All three of these examples can be true, but there can also be directional relationships, for instance Dave can be Sue’s brother but Sue cannot be Dave’s Brother, this is therefore directional. To make it a two-way relationship: Dave is a sibling of Sue, Sue is a sibling of Dave. If Sue has gone to School with Dave then the opposite must also be true, and you would also expect friendships to be two way also. However if Dave liked Sue then the opposite may not be true.

In what is refered to in mathmatics as graph theory, we have two nodes joined together by a single edge. The nodes can represent any object, the object can have attributes, for example: name, age, height, etc. For an archaeological example the object could be an artefact, the attributes should be specific to the artefact, in theory you could have a found by attribute, but it would be better to create a person node and then use a relationship, or edge, to state that the artefact was found by a specific person. If a person found many artefacts then they would be joined to many other artefact nodes.

This is a similar concept that is found in Network Analysis and object orientated approaches which use an object-predicate-subject data structure.

Graph databases have their own query language: cypher. In many ways it is similar to SQL but even simpler. Rather than using SELECT statements graph databases use pattern matching.

MATCH (n)
RETURN n;

The simplest pattern is to match all the nodes, once matched they must be returned.
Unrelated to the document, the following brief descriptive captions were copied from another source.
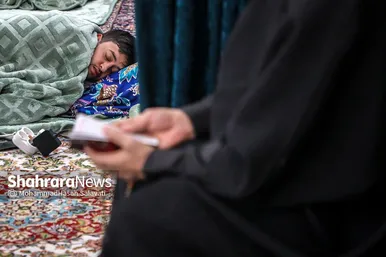 آیین معنوی اعتکاف در حرم امام رضا (ع)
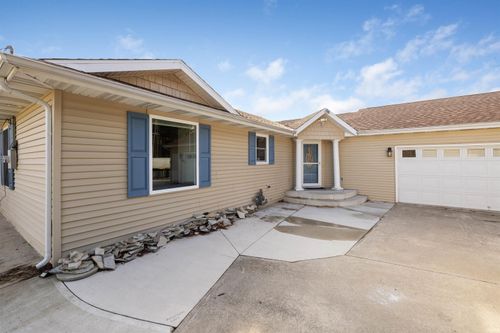 7754 Saint Joe Road, Fort Wayne, IN, 46835 | Card Image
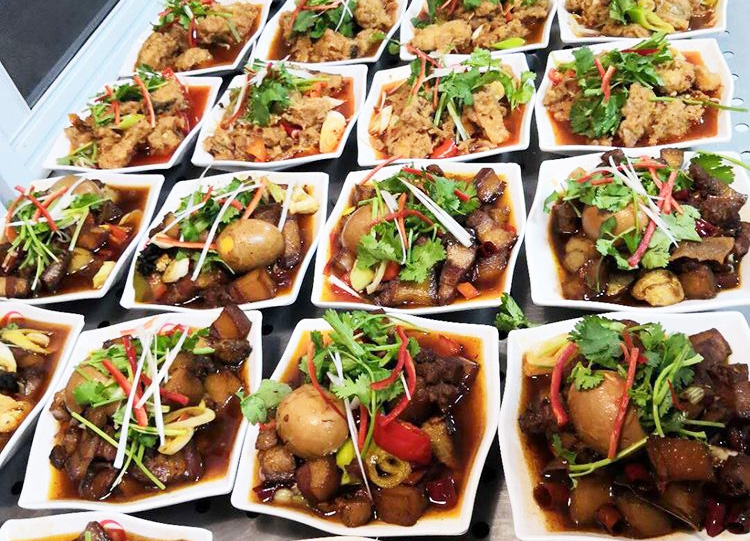 食堂管理最新菜譜展示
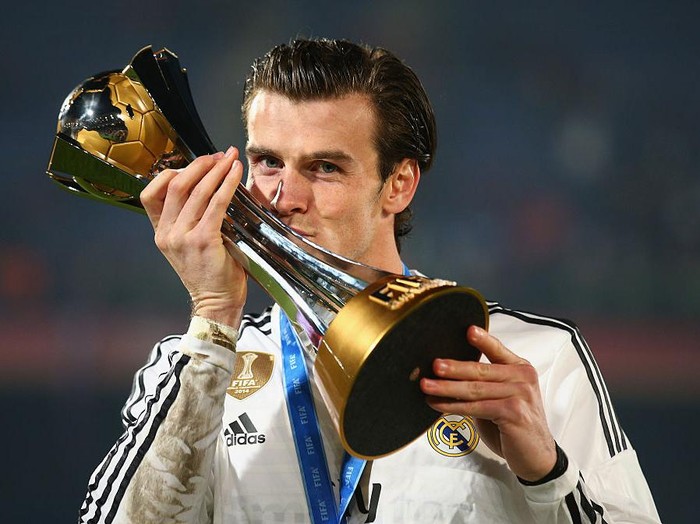 MARRAKECH, MOROCCO - DECEMBER 20:  Gareth Bale of Real Madrid celebrates with the trophy after the FIFA Club World Cup Final between Real Madrid and San Lorenzo at Marrakech Stadium on December 20, 2014 in Marrakech, Morocco.  (Photo by Ian Walton - FIFA/FIFA via Getty Images)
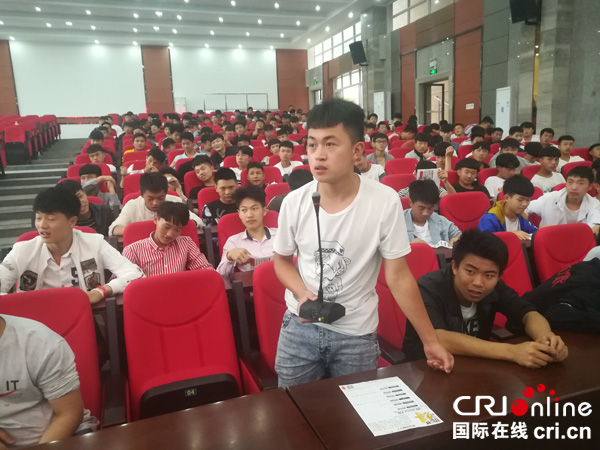 图片默认标题_fororder_招聘会上优秀学生做经验交流（彭从华-摄）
This can be developed further to return all the related nodes.

MATCH (n)-[r]-()
RETURN n, r;

Takeaways:

Take time to understand the pros and cons of relational databases and flat data structures.
Beware of Excel and spreadsheet software. Sometimes it’s appropriate, but risks abound.
Lean toward plain text formats like CSV when possible.

Ziemann, Mark, Yotam Eren, and Assam El-Osta. 2016. “Gene Name Errors Are Widespread in the Scientific Literature.” Genome Biology 17 (1): 177. doi:10.1186/s13059-016-1044-7.

Broman, Karl W., and Woo K. 2018. “Data Organization in Spreadsheets.” The American Statistician 72 (1): 2–10. doi:10.1080/00031305.2017.1375989.